An application in Writing is made to the Registrar of Companies, in the prescribed form, stating the intention of the company to Wind up its affairs. The application shall be accompanied by the Resolution, minutes of the Meeting where the resolution was passed and copies of all outstanding company returns.
Where the Registrar is satisfied with the application. The registrar shall cause the application to be published in the Kenya Gazette for a period of 3 months.
At the pleasure of the Registrar, the company shall be removed from the Register of Companies.
Circumstances when a Company can be liquidated or Deregistered- Companies Insolvency rules in Kenya:
There are three modes of Company Winding Up:
1. Members’ voluntary winding up.
2. Creditors’ voluntary winding up
This is also known as compulsory winding up. This may occur in the following circumstances:-
(a) Special resolution of the company: – If the company has by special resolution resolved that it may be wound up by the court, the court may pass a winding up order. The power of the court in such a case is discretionary. The court may refuse to order winding up where it is opposed to public or company’s interest.
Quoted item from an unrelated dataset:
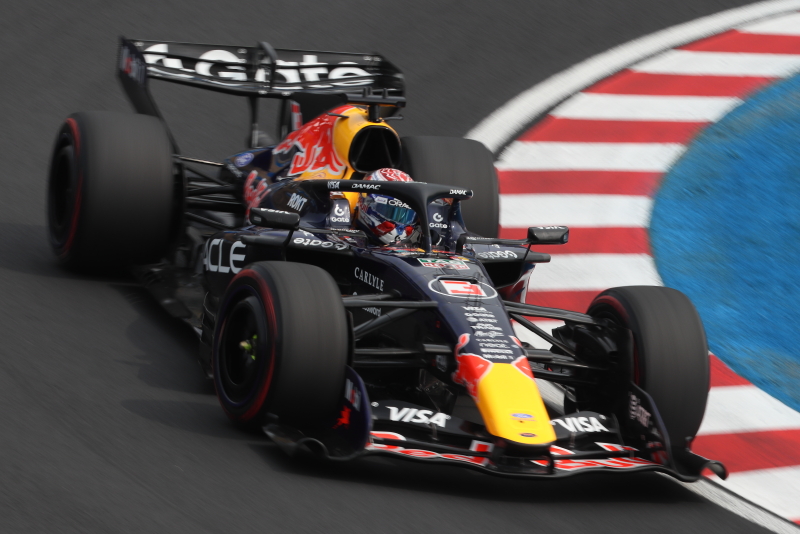 マックス・フェルスタッペン　RED BULL RACING 鈴鹿サーキット　2026 F1 日本GP ヘアピンコーナー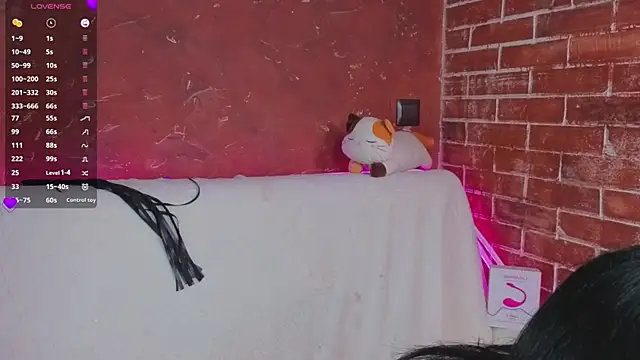 LisaBunnyy online show from February 26, 2026, 11:15 pm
(b) Default in holding statutory meeting or in delivering the statutory report to the registrar: – If a company defaults in delivering a statutory report to the registrar or in holding the statutory meeting, the court may order winding up of the company either on the petition of the registrar or on the petition of a contributory. The petition must not be filed before expiry of 14 days after the last day in which the statutory meeting ought to have been held. However, the court may instead of making a winding up order, direct the statutory report to be delivered or that a meeting shall be held.
(c) Failure to commence or suspension of business: – Where a company does not commence its business within one year from its incorporation, or suspends its business for a whole year, the court may order for is winding up.
The court exercises power in this case only if the company has no intention of carrying on its business or if it is not possible for it to carry on its business.
Where the suspension of business is temporary or can be satisfactorily accounted for, the court will refuse to make an order.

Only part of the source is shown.